Yay! It accurately answers intimately how you can create LoraConfig and related peft model together with accurately using the model name, dataset name in addition to param values of LoraConfig. On disabling the adapter, it fails to accurately use the API of LoraConfig or to create a PEFT model, suggesting that it is not a part of the training data of Octocoder.
How do I run it locally?
I do know, in any case this, you wish to finetune starcoder in your codebase and use it locally in your consumer hardware reminiscent of Mac laptops with M1 GPUs, windows with RTX 4090/3090 GPUs …
Don’t be concerned, we’ve got got you covered.
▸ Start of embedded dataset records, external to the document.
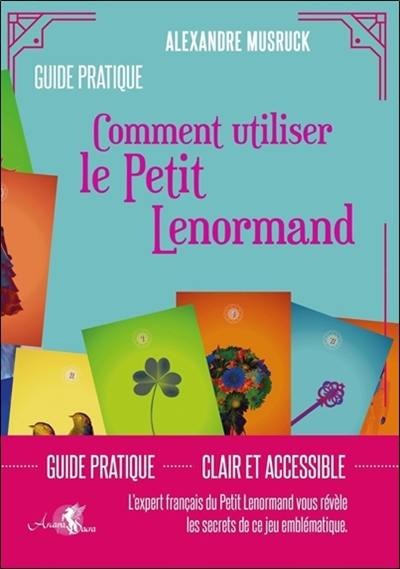 Comment utiliser le Petit Lenormand : guide pratique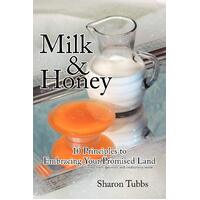 Milk and Honey: 10 Principles to Embracing Your Promised Land Paperback Book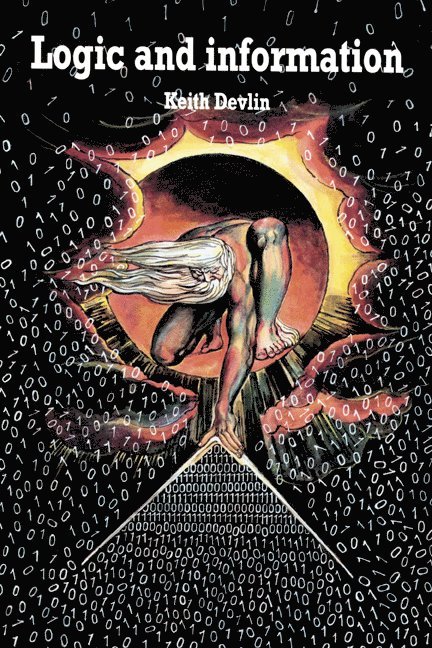 California) Devlin, Keith (St Mary's College, Keith J. Devlin, Devlin Keith - Logic and Information, Häftad
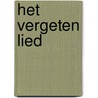 Het vergeten lied by Amanda Wen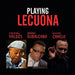 Playing Lecuona
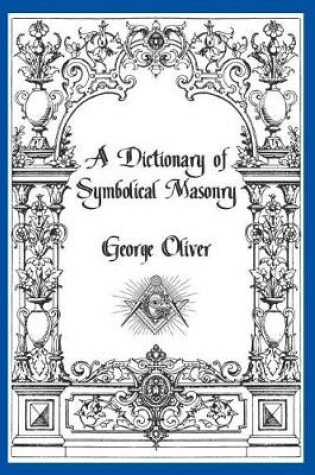 Cover of A Dictionary of Symbolical Masonry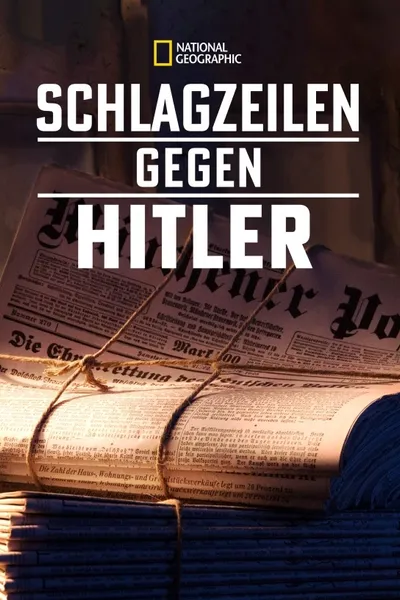 Schlagzeilen Gegen Hitler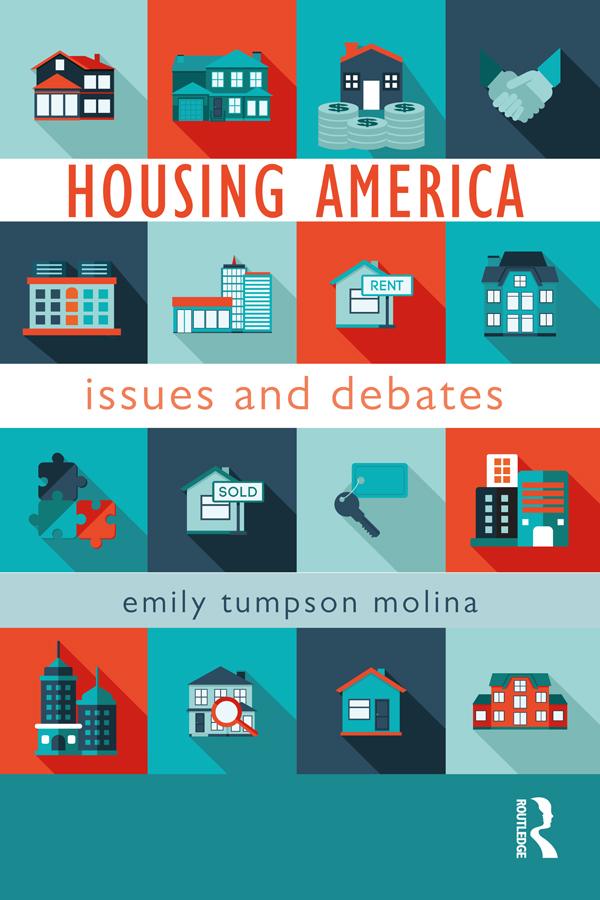 Housing America by Emily Tumpson Molina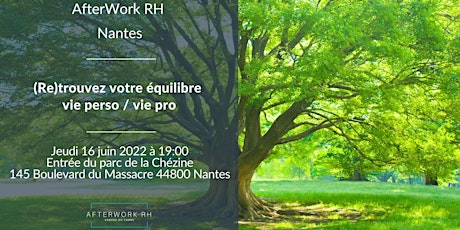 Image principale de Afterwork RH Nantes : (re)trouvez votre équilibre vie perso / vie pro
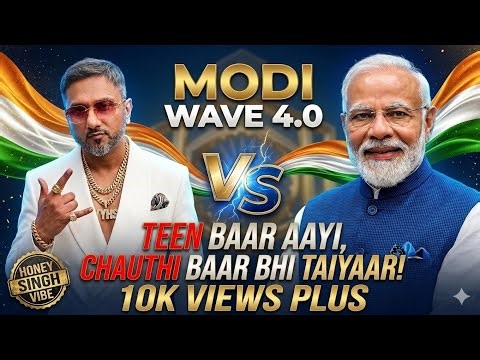 Teen Baar Aayi Modi Sarkar, Chauthi Baar Phir Se Taiyaar! 🔥 (Official Video) Honey Singh Vibe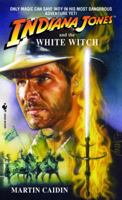 Indiana Jones and the White Witch 0553561944 Book Cover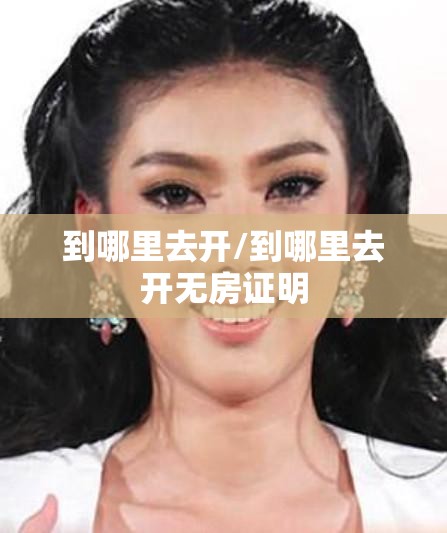 到哪里去开/到哪里去开无房证明 到哪里去开/到哪里去开无房证明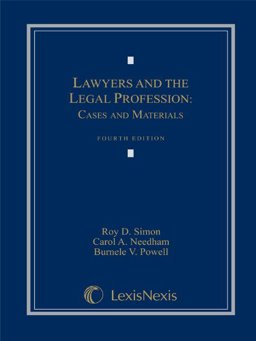LAWYERS+LEGAL PROFESSION (LL) 4th 9780769848716 Front Cover
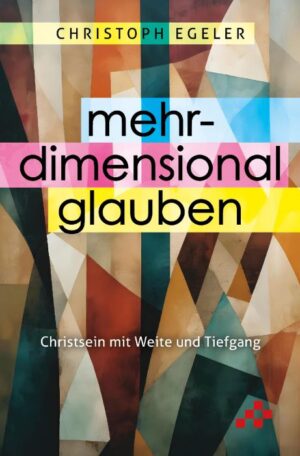 Christoph Egeler - Mehrdimensional glauben
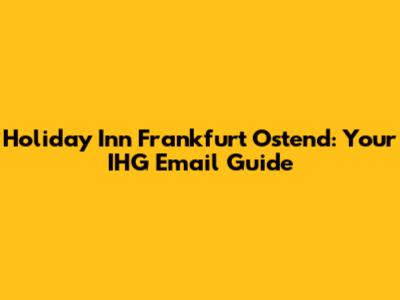 Holiday Inn Frankfurt Ostend: Your IHG Email Guide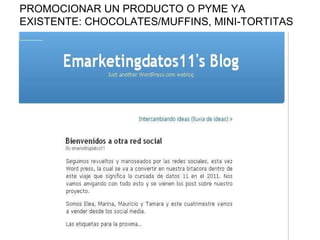 PROMOCIONAR UN PRODUCTO O PYME YA EXISTENTE: CHOCOLATES/MUFFINS, MINI-TORTITAS 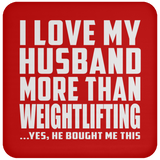I Love My Husband More Than Weightlifting - Drink Coaster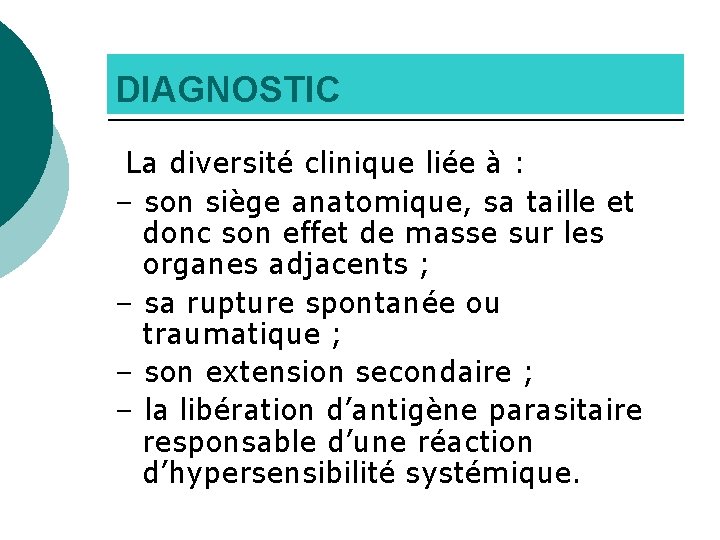 DIAGNOSTIC La diversité clinique liée à : – son siège anatomique, sa taille et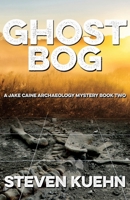Ghost Bog (Jake Caine Archaeology Mystery) 1684922542 Book Cover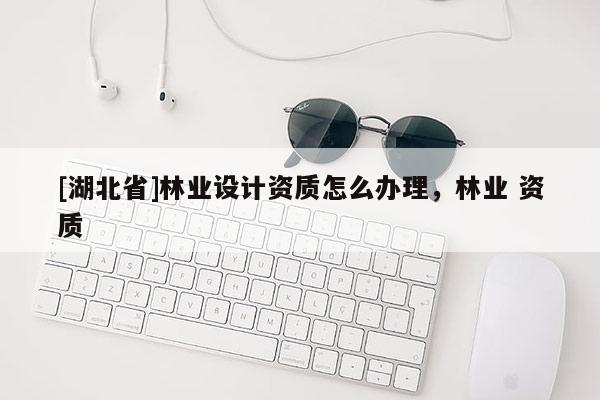 [湖北省]林業(yè)設(shè)計(jì)資質(zhì)怎么辦理，林業(yè) 資質(zhì)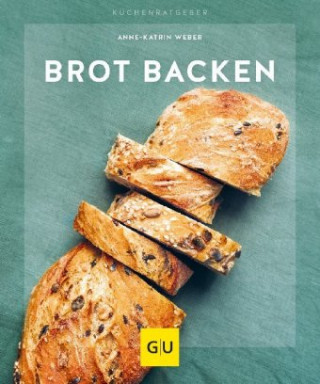 Kniha Brot backen Anne-Katrin Weber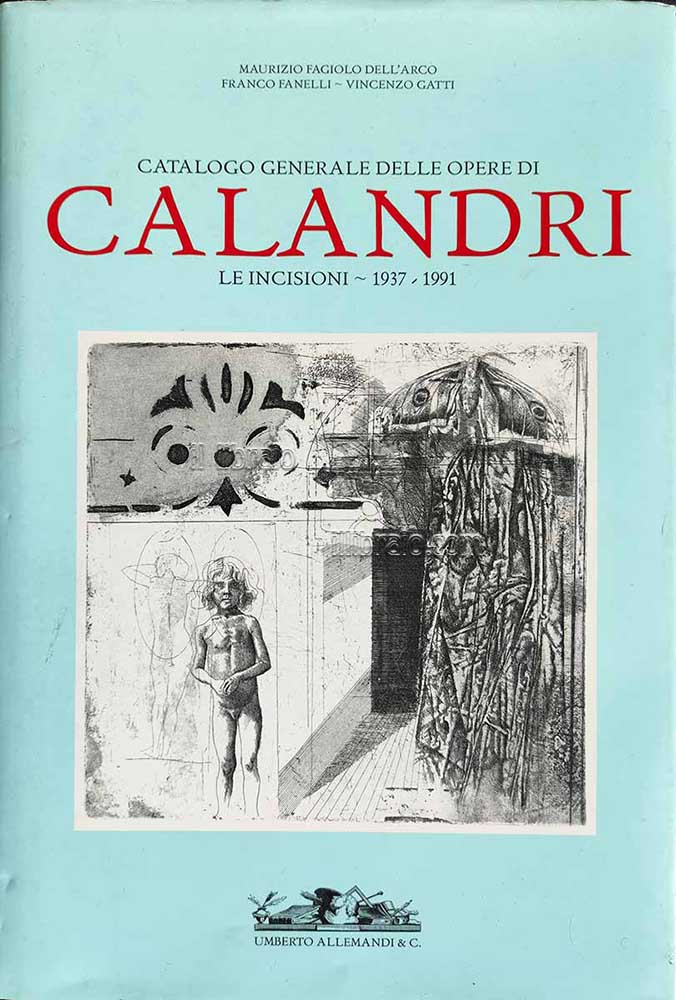 Catalogo generale delle opere di Calandri. Le incisioni (1937 - …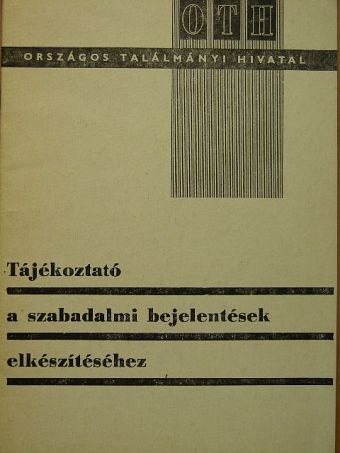 Derzsi Vilmos - Tájékoztató a szabadalmi bejelentések elkészítéséhez [antikvár]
We will probably be using this super cool open source library mlc-llm 🔥. Specifically, we will probably be using this fork pacman100/mlc-llm which has changes to get it working with the Hugging Face Code Completion extension for VS Code. On my Mac latop with M1 Metal GPU, the 15B model was painfully slow. Hence, we’ll go small and train a PEFT LoRA version in addition to a full finetuned version of bigcode/starcoderbase-1b. The training colab notebooks are linked below:
- Colab notebook for Full fine-tuning and PEFT LoRA finetuning of
starcoderbase-1b: link
The training loss, evaluation loss in addition to learning rate schedules are plotted below:
Now, we’ll take a look at detailed steps for locally hosting the merged model smangrul/starcoder1B-v2-personal-copilot-merged and using it with 🤗 llm-vscode VS Code Extension.
- Clone the repo
git clone --recursive https://github.com/pacman100/mlc-llm.git && cd mlc-llm/
- Install the mlc-ai and mlc-chat (in editable mode) :
pip install --pre --force-reinstall mlc-ai-nightly mlc-chat-nightly -f https://mlc.ai/wheels
cd python
pip uninstall mlc-chat-nightly
pip install -e "."
- Compile the model via:
time python3 -m mlc_llm.construct --hf-path smangrul/starcoder1B-v2-personal-copilot-merged --target metal --use-cache=0
- Update the config with the next values in
dist/starcoder1B-v2-personal-copilot-merged-q4f16_1/params/mlc-chat-config.json:
{
"model_lib": "starcoder7B-personal-copilot-merged-q4f16_1",
"local_id": "starcoder7B-personal-copilot-merged-q4f16_1",
"conv_template": "code_gpt",
- "temperature": 0.7,
+ "temperature": 0.2,
- "repetition_penalty": 1.0,
"top_p": 0.95,
- "mean_gen_len": 128,
+ "mean_gen_len": 64,
- "max_gen_len": 512,
+ "max_gen_len": 64,
"shift_fill_factor": 0.3,
"tokenizer_files": [
"tokenizer.json",
"merges.txt",
"vocab.json"
],
"model_category": "gpt_bigcode",
"model_name": "starcoder1B-v2-personal-copilot-merged"
}
- Run the local server:
python -m mlc_chat.rest --model dist/starcoder1B-v2-personal-copilot-merged-q4f16_1/params --lib-path dist/starcoder1B-v2-personal-copilot-merged-q4f16_1/starcoder1B-v2-personal-copilot-merged-q4f16_1-metal.so
- Change the endpoint of HF Code Completion extension in VS Code to point to the local server:
- Open a brand new file in VS code, paste the code below and have the cursor in-between the doc quotes, in order that the model tries to infill the doc string:
Voila! ⭐️
The demo at the beginning of this post is that this 1B model running locally on my Mac laptop.
Conclusion
On this blog plost, we saw how you can finetune starcoder to create a private co-pilot that knows about our code. We called it 🤗 HugCoder, as we trained it on Hugging Face code 🙂 After the info collection workflow, we compared training using QLoRA vs full fine-tuning. We also experimented by combining different LoRAs, which remains to be an unexplored technique within the text/code domain. For deployment, we examined distant inference using 🤗 Inference Endpoints, and in addition showed on-device execution of a smaller model with VS Code and MLC.
Please, tell us in the event you use these methods for your personal codebase!
Acknowledgements
We would love to thank Pedro Cuenca, Leandro von Werra, Benjamin Bossan, Sylvain Gugger and Loubna Ben Allal for his or her help with the writing of this blogpost.